Start of Task data
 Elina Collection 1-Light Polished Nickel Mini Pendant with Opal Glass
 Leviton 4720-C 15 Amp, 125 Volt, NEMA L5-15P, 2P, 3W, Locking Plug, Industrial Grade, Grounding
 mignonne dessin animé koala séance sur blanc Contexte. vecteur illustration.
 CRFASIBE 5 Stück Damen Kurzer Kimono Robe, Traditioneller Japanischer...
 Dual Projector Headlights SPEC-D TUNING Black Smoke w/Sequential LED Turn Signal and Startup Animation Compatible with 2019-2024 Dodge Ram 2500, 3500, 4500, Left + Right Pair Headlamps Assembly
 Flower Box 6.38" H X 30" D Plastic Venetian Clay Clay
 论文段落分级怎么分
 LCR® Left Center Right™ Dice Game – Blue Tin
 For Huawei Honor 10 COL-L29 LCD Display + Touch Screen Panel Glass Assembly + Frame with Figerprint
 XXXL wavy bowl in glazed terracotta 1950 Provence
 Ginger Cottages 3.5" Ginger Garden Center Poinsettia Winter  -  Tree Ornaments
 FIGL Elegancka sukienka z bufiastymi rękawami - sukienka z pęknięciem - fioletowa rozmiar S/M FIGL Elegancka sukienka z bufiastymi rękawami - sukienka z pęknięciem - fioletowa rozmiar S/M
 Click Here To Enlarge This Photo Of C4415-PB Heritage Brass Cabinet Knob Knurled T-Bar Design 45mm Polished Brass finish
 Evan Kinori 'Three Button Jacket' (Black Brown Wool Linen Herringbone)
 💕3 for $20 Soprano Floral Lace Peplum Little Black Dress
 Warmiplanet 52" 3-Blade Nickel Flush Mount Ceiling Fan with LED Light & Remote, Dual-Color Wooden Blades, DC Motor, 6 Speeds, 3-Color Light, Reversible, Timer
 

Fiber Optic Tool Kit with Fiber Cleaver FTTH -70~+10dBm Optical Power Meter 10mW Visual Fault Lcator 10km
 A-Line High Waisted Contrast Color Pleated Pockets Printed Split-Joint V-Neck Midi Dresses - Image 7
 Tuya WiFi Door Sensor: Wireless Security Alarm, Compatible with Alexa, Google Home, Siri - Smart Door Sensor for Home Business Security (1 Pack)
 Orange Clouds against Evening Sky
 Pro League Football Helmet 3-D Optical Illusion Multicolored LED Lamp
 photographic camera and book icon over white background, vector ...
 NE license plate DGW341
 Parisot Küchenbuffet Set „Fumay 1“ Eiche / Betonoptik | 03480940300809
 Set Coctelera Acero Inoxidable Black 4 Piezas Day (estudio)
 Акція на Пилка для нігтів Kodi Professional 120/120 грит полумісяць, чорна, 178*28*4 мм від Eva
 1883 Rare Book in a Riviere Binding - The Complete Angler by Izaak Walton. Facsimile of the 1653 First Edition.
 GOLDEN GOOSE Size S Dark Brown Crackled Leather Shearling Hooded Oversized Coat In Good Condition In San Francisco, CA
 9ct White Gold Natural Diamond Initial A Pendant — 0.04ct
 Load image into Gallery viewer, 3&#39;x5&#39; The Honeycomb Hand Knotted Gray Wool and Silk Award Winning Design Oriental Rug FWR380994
End of Task data
**Directions for this task**
An exact retyping of every line in the records is needed.

**Task solution**
 Elina Collection 1-Light Polished Nickel Mini Pendant with Opal Glass
 Leviton 4720-C 15 Amp, 125 Volt, NEMA L5-15P, 2P, 3W, Locking Plug, Industrial Grade, Grounding
 mignonne dessin animé koala séance sur blanc Contexte. vecteur illustration.
 CRFASIBE 5 Stück Damen Kurzer Kimono Robe, Traditioneller Japanischer...
 Dual Projector Headlights SPEC-D TUNING Black Smoke w/Sequential LED Turn Signal and Startup Animation Compatible with 2019-2024 Dodge Ram 2500, 3500, 4500, Left + Right Pair Headlamps Assembly
 Flower Box 6.38" H X 30" D Plastic Venetian Clay Clay
 论文段落分级怎么分
 LCR® Left Center Right™ Dice Game – Blue Tin
 For Huawei Honor 10 COL-L29 LCD Display + Touch Screen Panel Glass Assembly + Frame with Figerprint
 XXXL wavy bowl in glazed terracotta 1950 Provence
 Ginger Cottages 3.5" Ginger Garden Center Poinsettia Winter  -  Tree Ornaments
 FIGL Elegancka sukienka z bufiastymi rękawami - sukienka z pęknięciem - fioletowa rozmiar S/M FIGL Elegancka sukienka z bufiastymi rękawami - sukienka z pęknięciem - fioletowa rozmiar S/M
 Click Here To Enlarge This Photo Of C4415-PB Heritage Brass Cabinet Knob Knurled T-Bar Design 45mm Polished Brass finish
 Evan Kinori 'Three Button Jacket' (Black Brown Wool Linen Herringbone)
 💕3 for $20 Soprano Floral Lace Peplum Little Black Dress
 Warmiplanet 52" 3-Blade Nickel Flush Mount Ceiling Fan with LED Light & Remote, Dual-Color Wooden Blades, DC Motor, 6 Speeds, 3-Color Light, Reversible, Timer
 

Fiber Optic Tool Kit with Fiber Cleaver FTTH -70~+10dBm Optical Power Meter 10mW Visual Fault Lcator 10km
 A-Line High Waisted Contrast Color Pleated Pockets Printed Split-Joint V-Neck Midi Dresses - Image 7
 Tuya WiFi Door Sensor: Wireless Security Alarm, Compatible with Alexa, Google Home, Siri - Smart Door Sensor for Home Business Security (1 Pack)
 Orange Clouds against Evening Sky
 Pro League Football Helmet 3-D Optical Illusion Multicolored LED Lamp
 photographic camera and book icon over white background, vector ...
 NE license plate DGW341
 Parisot Küchenbuffet Set „Fumay 1“ Eiche / Betonoptik | 03480940300809
 Set Coctelera Acero Inoxidable Black 4 Piezas Day (estudio)
 Акція на Пилка для нігтів Kodi Professional 120/120 грит полумісяць, чорна, 178*28*4 мм від Eva
 1883 Rare Book in a Riviere Binding - The Complete Angler by Izaak Walton. Facsimile of the 1653 First Edition.
 GOLDEN GOOSE Size S Dark Brown Crackled Leather Shearling Hooded Oversized Coat In Good Condition In San Francisco, CA
 9ct White Gold Natural Diamond Initial A Pendant — 0.04ct
 Load image into Gallery viewer, 3&#39;x5&#39; The Honeycomb Hand Knotted Gray Wool and Silk Award Winning Design Oriental Rug FWR380994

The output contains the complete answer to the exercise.